Aquel 17 de mayo de 1959, en lo que fuera la comandancia de Fidel Castro en La Plata, en la Sierra Maestra, se firmó la primera ley de Reforma Agraria, lo cual significó uno de los primeros ejemplos de egocentrismo caudillista de la naciente revolución.
Sí, porque la ley no se rubricó en Realengo 18, enclave paradigmático de la lucha por los derechos campesinos, o en la finca El Vínculo, donde el líder agrario Niceto Pérez perdió la vida enfrentando la soberbia latifundista, o en Soledad de Mayarí Arriba, en que el Segundo Frente guerrillero, que organizó mucho y combatió poco, promovió la celebración de un congreso campesino en armas.
Con las leyes de reforma agraria (mayo de 1959 y octubre de 1963), la revolución barrió de un plumazo, o mejor dicho, de dos plumazos, el patrimonio económico de las empresas extranjeras hasta ese momento asentadas en la Isla; de los grandes hacendados y ganaderos nacionales, que en su gran mayoría eran modelos de eficiencia y productividad. Las leyes de reforma agraria borraron del mapa económico un eslabón tan importante de la cadena productiva como el colonato.

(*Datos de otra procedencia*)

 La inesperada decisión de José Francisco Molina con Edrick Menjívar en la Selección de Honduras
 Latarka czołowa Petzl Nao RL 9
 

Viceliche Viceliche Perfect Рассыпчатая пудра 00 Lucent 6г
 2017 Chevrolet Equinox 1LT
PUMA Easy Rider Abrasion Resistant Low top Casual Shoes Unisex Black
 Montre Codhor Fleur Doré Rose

Para realizar el desmontaje de las estructuras socioeconómicas tradicionales del campo cubano, el alto liderazgo no tomó en cuenta, ni siquiera, el aporte y respaldo que muchos propietarios agrícolas hicieron al proyecto revolucionario.
Las leyes de reforma agraria crearon la categoría económica de pequeño agricultor, por demás, única propiedad privada jurídicamente reconocida en la Isla, ente que nació atado de pies y manos por una tupida urdimbre de legislaciones restrictivas que han limitado hasta la saciedad el desenvolvimiento de lo que a pesar de todo ha sido el único sector productivo y eficiente de la agricultura.

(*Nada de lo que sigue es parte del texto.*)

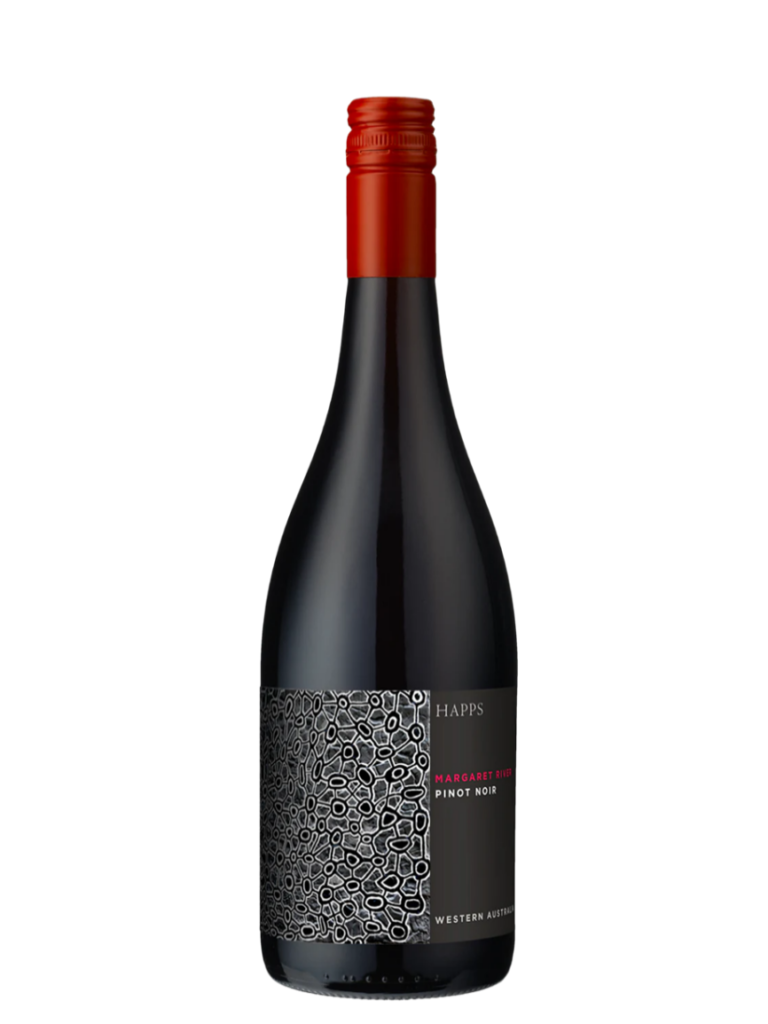 bottle of Moss Wood Wines iSeries Pinot Noir 2022 - Promo Now On!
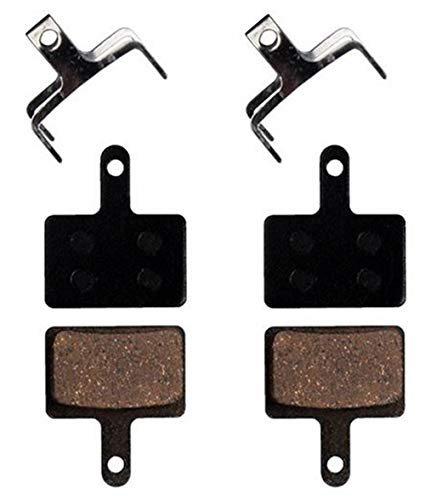 ARUNDEL SERVICES EU 2 Pares Pastillas de Freno Shimano Tektro Orion Auriga Pro. Comp. E-Comp Draco WS Aquila M355 M375 M395 M415 M416 M445 M446 M447 M475 M45 M515 M525 M535 M575 C501 C601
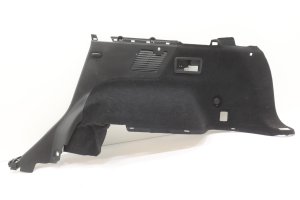 2015-2024 Nissan Murano Black Upper C-Pillar Trim Panel - Rear, Right (Passenger) (Used OEM)
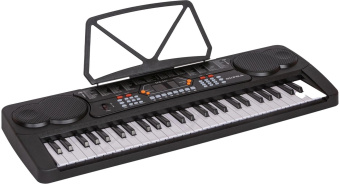 Синтезатор Supra SKB-541 54клав. черный от магазина РЭССИ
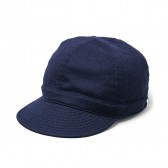 DELUXE CLOTHING-JEEP STAR - Navy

Así, el "gobierno revolucionario" —como todavía se hace llamar— se convirtió en el latifundista supremo, acaparando el 85% de la superficie cultivable del país, la economía socialista dio su primer paso hacia un abismo insoluble y el pueblo comenzó su largo vía crucis de penurias y carencias.
El reinado del marabú
De experimentos voluntaristas, descabellados, fallidos, y de subsidios tan abultados como mal gastados, enfermó incurable la economía nacional, al punto que el actual presidente estrenó su mandato lamentando la dependencia exterior que padece la alimentación nacional y el extendido reinado del marabú en los subutilizados campos de la Isla.
El caso es que setenta años después que la Constitución de 1940 legisló contra nuestro principal flagelo económico y refrendó el regreso de la tierra a manos de los que la trabajan, uno se encuentra ante el mismo dilema: el latifundio, ahora estatal e improductivo, que retrasa, y los laboriosos hombres del campo impedidos de hacer un aporte capital a la evolución económica a causa de la indolencia de la élite.

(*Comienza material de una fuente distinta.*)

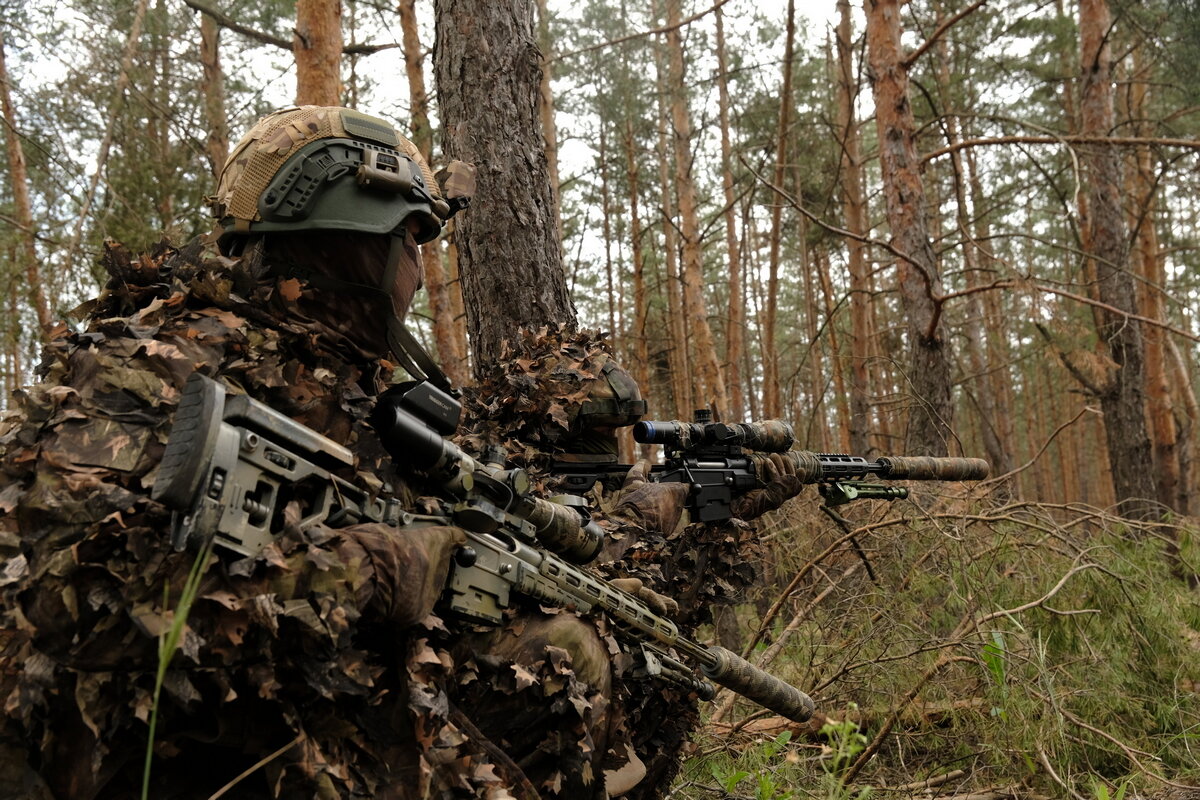 ВСУ планировали выманить российских военных Харьковскую область, сказал Сергей Фомченков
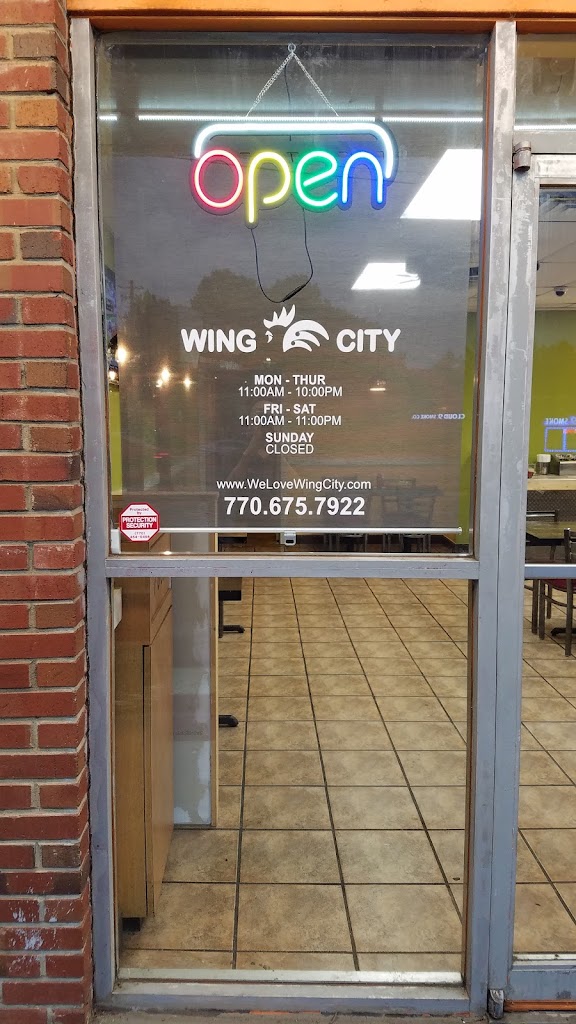 Wing City 30067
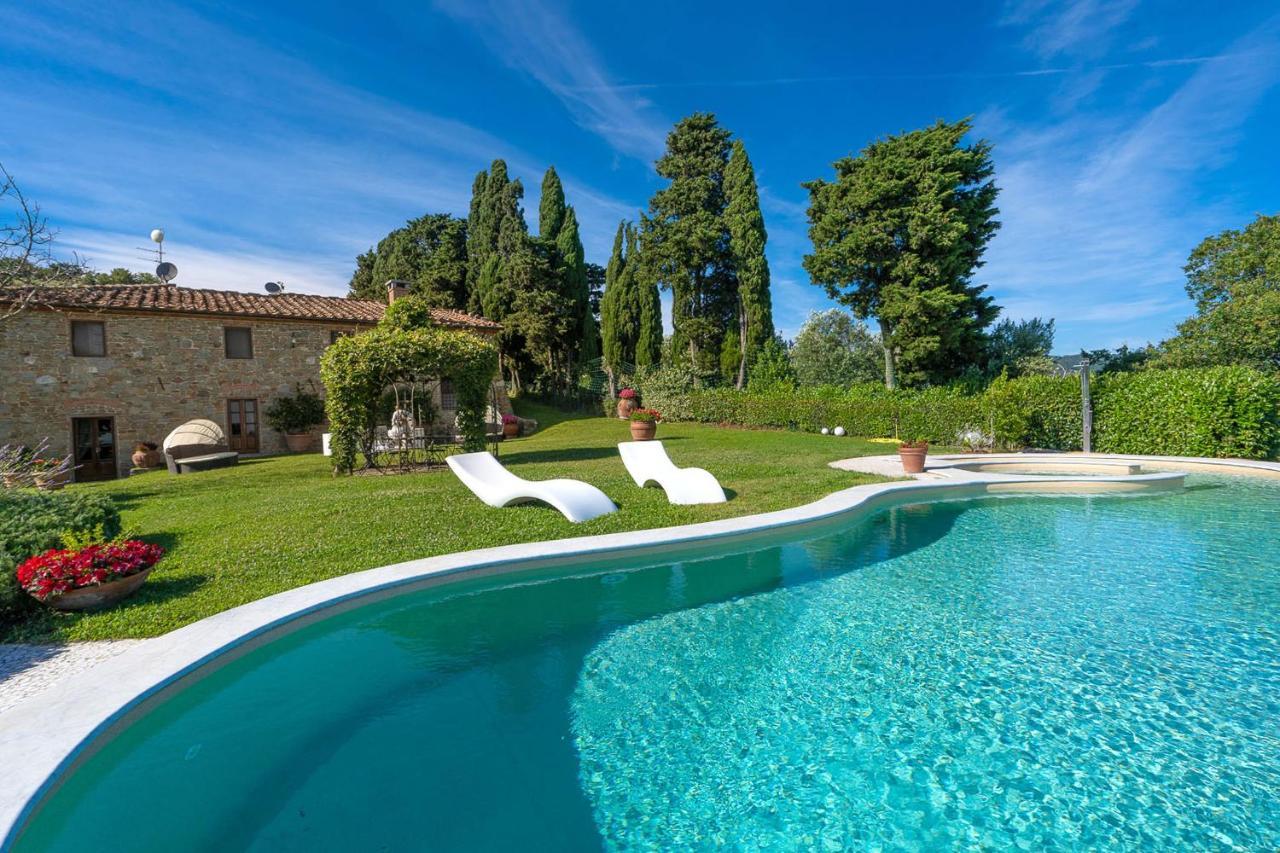 Casa Loretta, Your Luxurious Getaway With Stunning Views Nievole 外观 照片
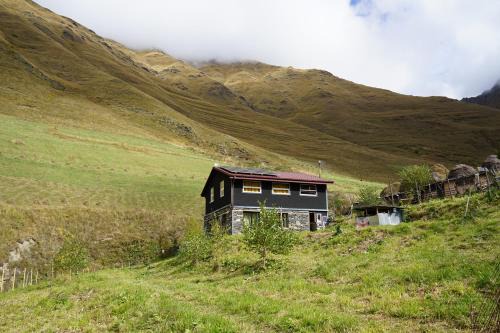 Shatili House | Biodiversity House Tebulo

El actual gobierno, según su discurso, parece estar conciente de su propia ineficacia productiva, así como de lo grave que es para el presente y el futuro del país seguir importando más del 80% de los alimentos que se consumen en una nación de reconocidas tradiciones y potencialidades productivas. Sin embargo, lamentablemente, el alto liderazgo de la Isla no parece estar dispuesto a demostrar la audacia y responsabilidad necesarias para renunciar a un monopolio que, en medio siglo, sólo ha servido para controlar la sociedad y destruir el cuerpo económico.
El gobierno acumula todo el poder, la mayor parte de la superficie cultivable, pero también la máxima responsabilidad por una debilidad económica que golpea duro la cotidianidad del ciudadano común y compromete seriamente el futuro de una nación estremecida por las crecientes desigualdades, la corrupción, la violencia y la pérdida de valores, que el monopolio informativo y el interminable discurso acrítico y triunfalista del oficialismo no pueden esconder.
Cada minuto que se pierda para abrir los espacios al libre desenvolvimiento de los ciudadanos y reordenar en positivo las relaciones económicas internas será nefasto para el reto de construir la Cuba de prosperidad y equilibrios soñada por tantos años. Renunciar al latifundio a través de reconocer, por fin, los legítimos derechos de los que trabajan la tierra puede ser el histórico primer paso de un gobierno comprometido con el bienestar de sus ciudadanos y la seguridad nacional, para salir del abismo económico y social que agobia el país.